On eclipse day they left the villa at 9am in order to ensure pole position on the sand and when I drifted down at 1ish they were already rapt in the frenzy of first contact. Shouting instructions and information at each other, Charles insisted I translate information to the local Turks who to my eye seemed quite happy on their plastic chairs, peeling and slicing apples blissfully ignorant and fumbling with newspaper give away specs. As time wore on the first thing that was noticeable was the drop in temperature, I shrugged on a jacket and a lady previously bikini sunbathing opposite us (and showing two beautiful peachy moons) put on clothes and then a towel around her shoulders. The drop in light was largely imperceptible as my eyes adjusted incrementally and I watched the others scampering around casting eclipse shadows through their straw hats and projections via their binoculars, all the time constantly chattering. It became obvious that one of the things I had been looking forward to, the sudden stilling of bird calls and insects buzzing, would be impossible to notice over the hum of human activity.

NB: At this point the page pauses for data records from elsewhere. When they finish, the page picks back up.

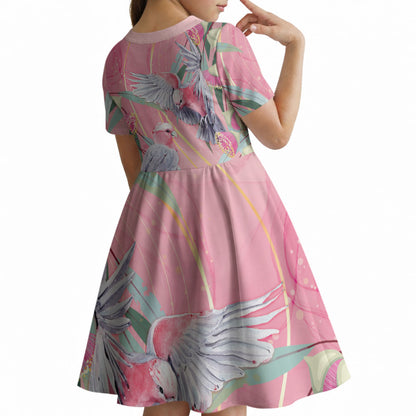 Australia Breast Cancer Kid Short Sleeve Dress Pink Galah with Eucalyptus Flowers
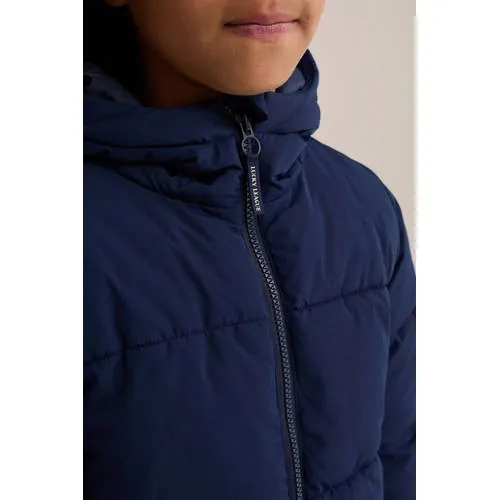 WE Fashion lange gewatteerde winterjas donkerblauw, foto 4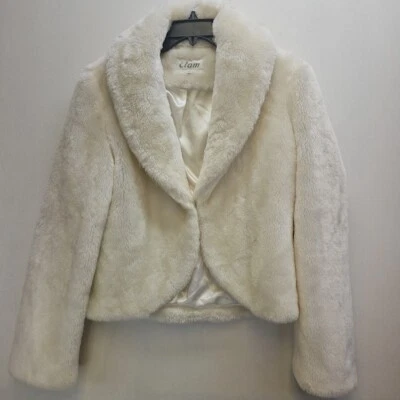 Acogedora chaqueta de invierno Etam para mujer talla XS blanca forrada y lana exterior H48 Foto 1 de 4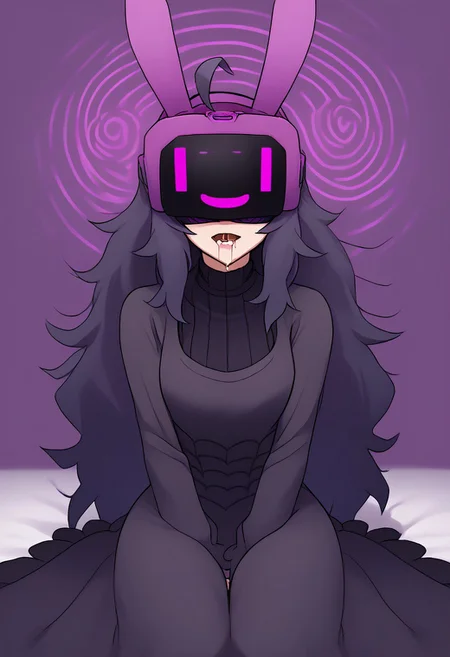 high quality, good quality, perfect quality, amazing quality, high res, masterpiece, score_9, score_8_up, score_7_up, source_anime, best quality, hex maniac, hairband, messy hair, purple hair, purple hairband, black dress, dress, long dress, long sleeves, juliet sleeves, zkovisor, hypnotic visor, helmet, rabbit ears, :), mind control, hypnosis, saliva, drooling, spiral, eyes covered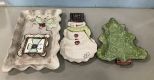 Four Christmas Pottery Decor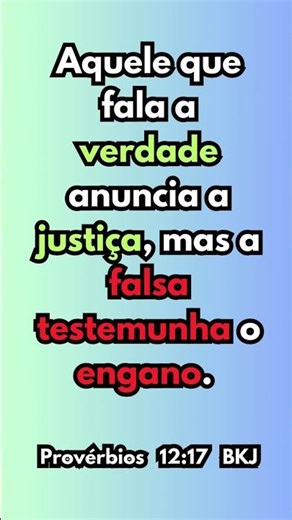 Versículo diário/ Provérbios 12:17 BKJ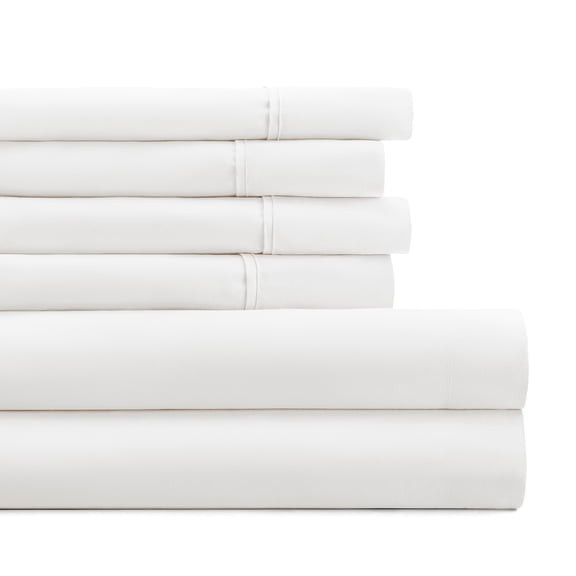 Twin Extra Long, White Solid Microfiber 6 Piece Bed Sheet Set, by Noble Linens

With five minutes to go before totality the sky was dark and I was surprised at my apprehension. Primal fears came flooding in unbidden, I stared obsessively at the horizon willing myself to believe that the thin white line I could see was not a huge Tsunami wave rumbling towards us. As totality occurred and the people around me cheered and whooped I didn’t share their joy, my heart rate was right up and my skin prickled in discomfort and disquiet. I stared up at the black sun and concentrated hard on the light of the corona. When the moon slipped away I smiled involuntarily and took a deep breath, without being aware of it, my tension had caused me to lock my chest and lungs.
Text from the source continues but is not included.